Piles of plastic bags in dumpsite in the Ngong Hills (Nairobi, Kenya) with Roman Catholic cathedral, wind farm and new development in the background

(March 29, 2017)

March 2017 will go into the record books as the month when the only environmental action that took place was turning the lights out for Earth Hour. The rest of the month felt like Throwback Thursday, as governments at all levels seemed in competition to see who could turn back the clock the most.

Starting closest to home, Winnipeg city council set aside its own resolutions on organic waste collection and opted to remain one of the few large cities in North America where composting is a mystery too hard to solve. The composting outcome was effectively determined when the only option was a surcharge for curbside collection — Winnipeggers for some reason don’t like paying extra for something that should be included in the city’s waste management plan.

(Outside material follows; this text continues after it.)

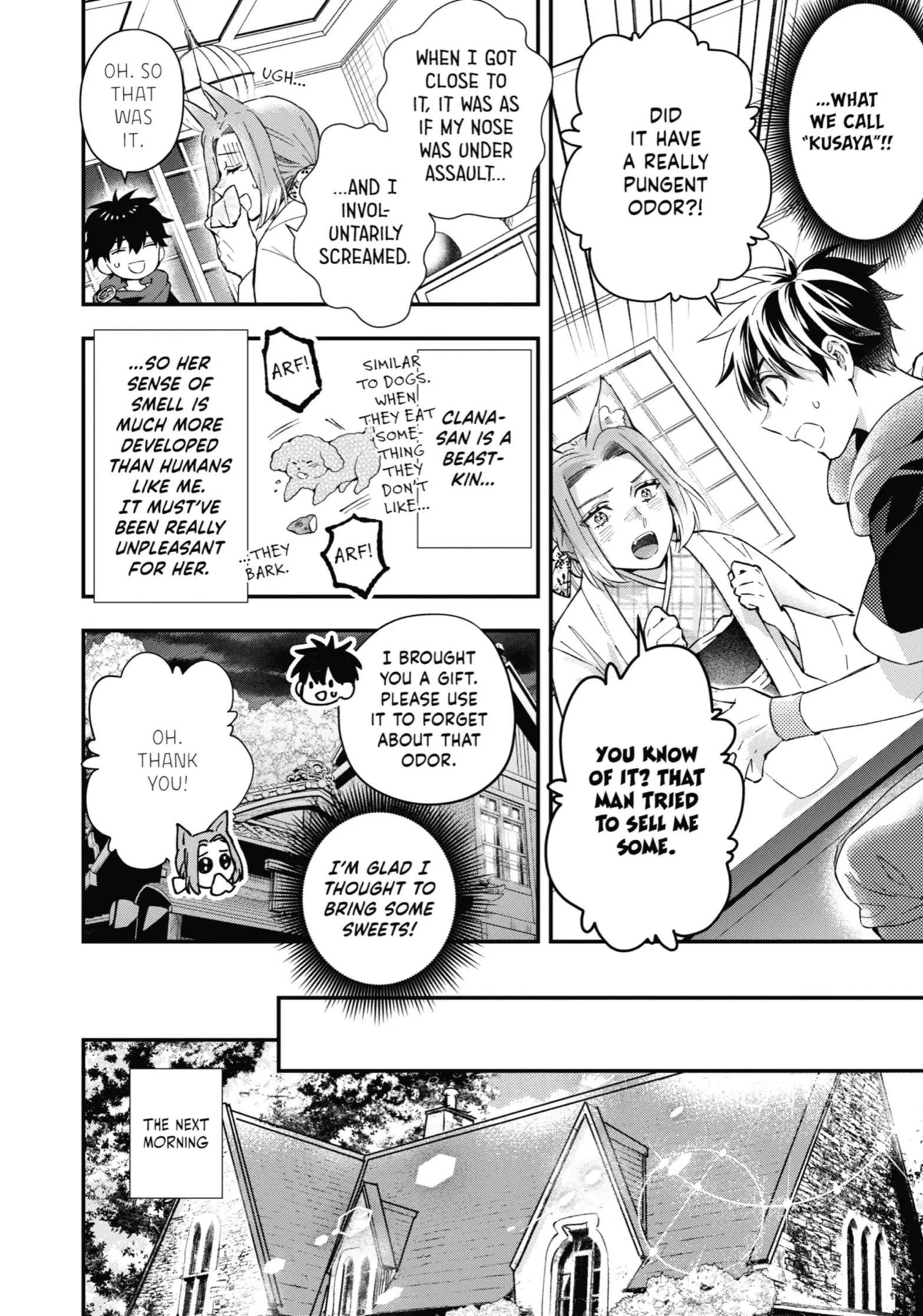 Kamitachi Ni Hirowareta Otoko Chapter 55 - Page 4 in English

At the same time, Mayor Brian Bowman made “Winnipeg is the city of the future” comments that were hard not to dismiss as trash talk, because visionary decision-making is notably absent from city hall these days on any file. If city council salaries depended on an extra levy per homeowner, I suspect councillors and mayor would be working for free.

Widening the circle, the provincial government declared a victory over red tape by reducing water regulations, just as overland flood season is about to start. I could have suggested other places to cut, but that wasn’t one of the options on the government’s online survey about a “made-in-Manitoba” climate plan.

Fortunately, the slogan “Make Manitoba Green Again” was not used to pitch that plan, because those cuts to water quality regulations made me think of the colour of our lakes after spring nutrient runoffs have refuelled the algae for another year.